Reproduce exactly, from the data that follows, the line with "Simple Animal Love", the line with "Cesto Organizador com", and every line that lies between them.
[[ Supplied records open ]]
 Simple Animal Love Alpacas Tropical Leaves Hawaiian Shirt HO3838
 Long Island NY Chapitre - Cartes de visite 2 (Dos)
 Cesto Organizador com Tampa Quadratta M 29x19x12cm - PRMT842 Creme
[[ Supplied records closed ]]
[[ Supplied records open ]]
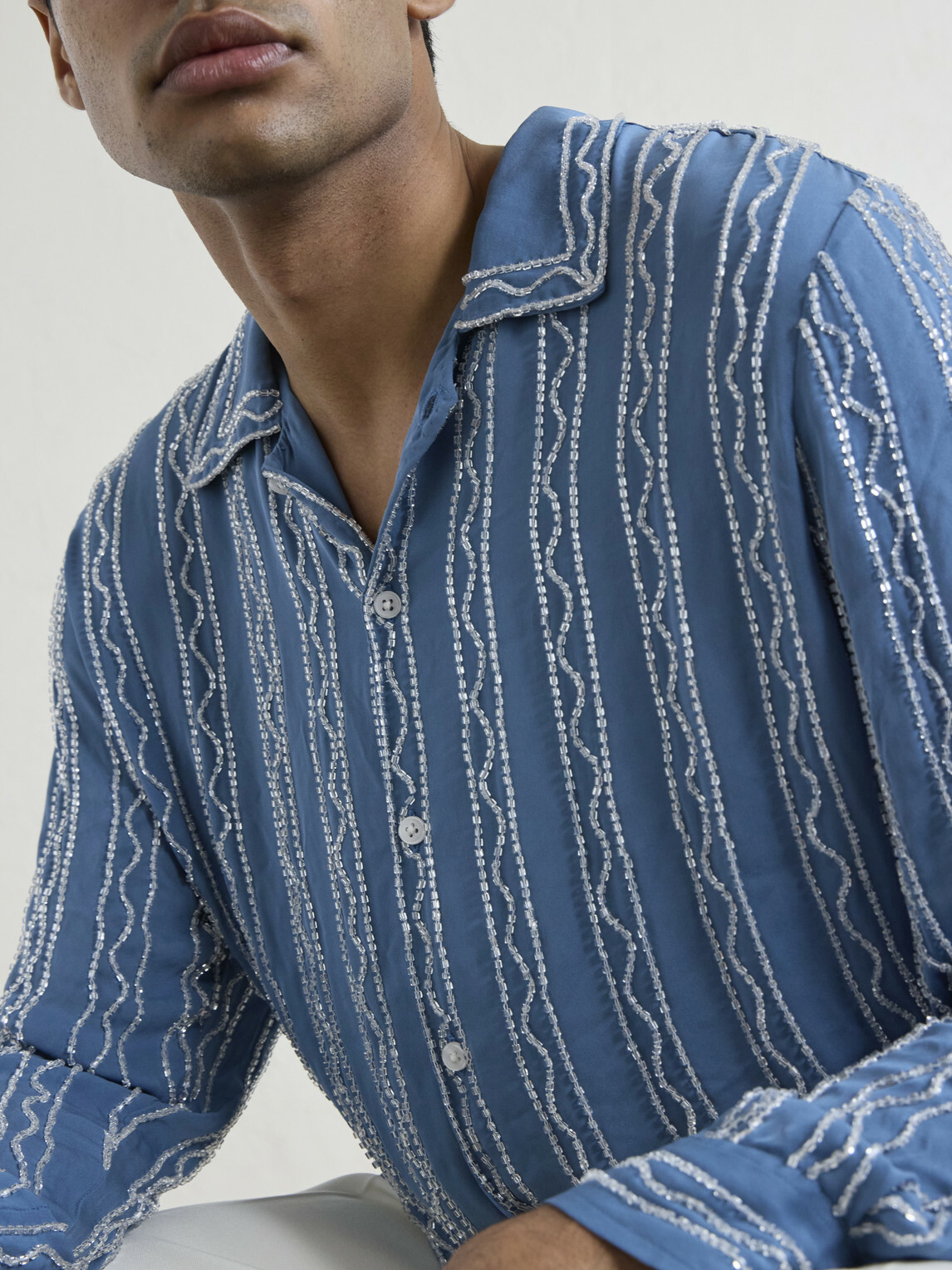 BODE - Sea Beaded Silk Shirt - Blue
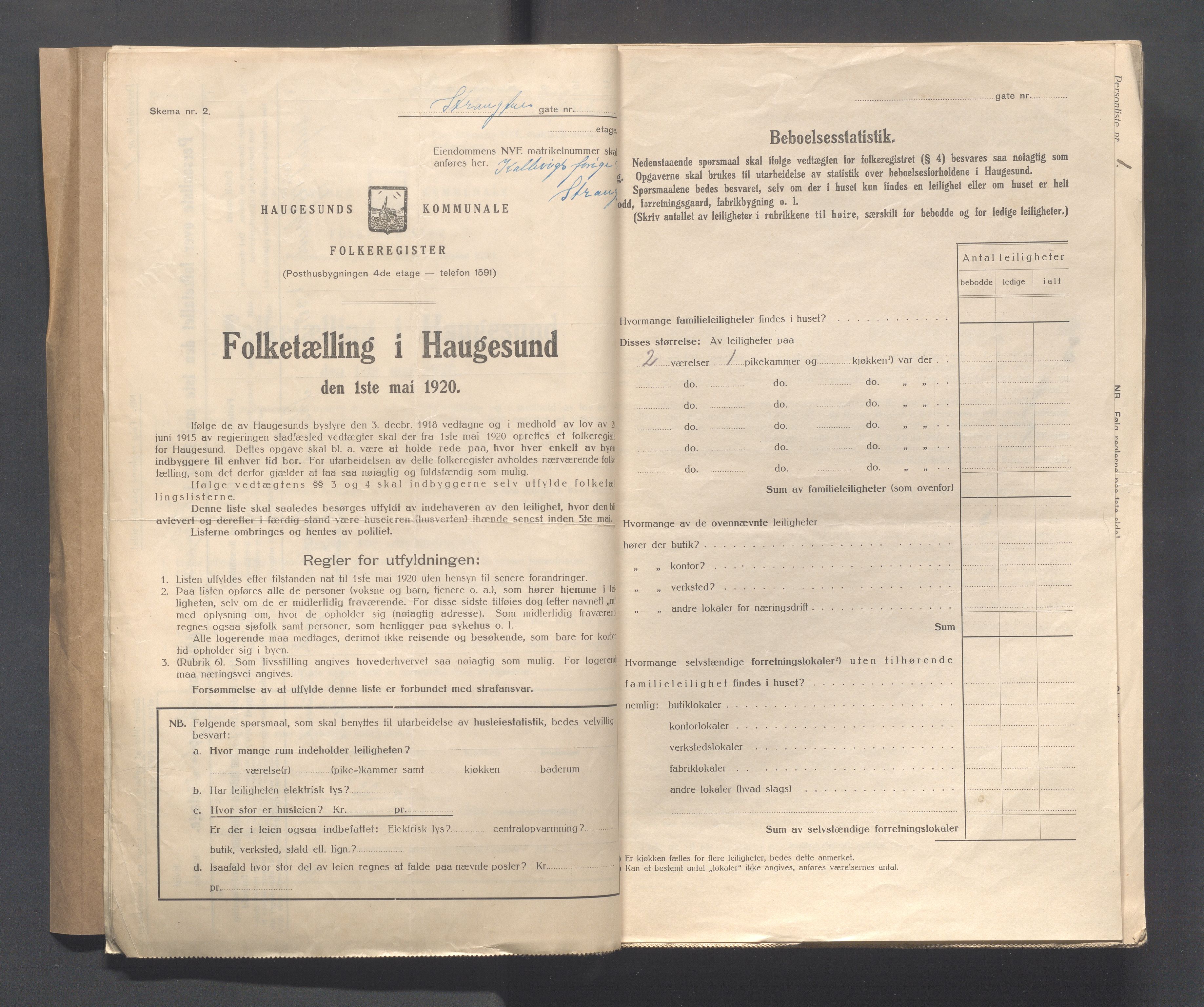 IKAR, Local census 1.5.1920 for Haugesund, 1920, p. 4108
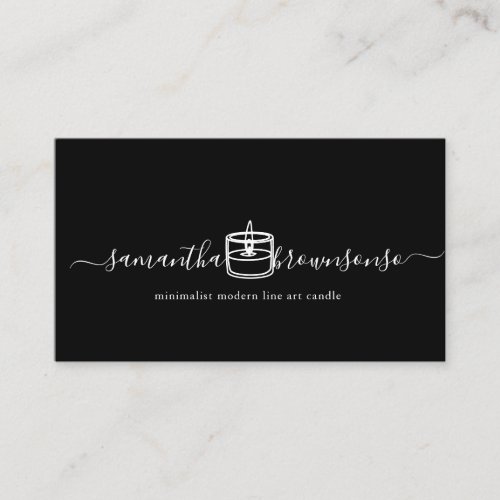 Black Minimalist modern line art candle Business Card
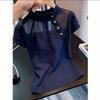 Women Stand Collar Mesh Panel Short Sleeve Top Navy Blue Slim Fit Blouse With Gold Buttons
[[ Supplied records closed ]]
Result of the exercise
 Simple Animal Love Alpacas Tropical Leaves Hawaiian Shirt HO3838
 Long Island NY Chapitre - Cartes de visite 2 (Dos)
 Cesto Organizador com Tampa Quadratta M 29x19x12cm - PRMT842 Creme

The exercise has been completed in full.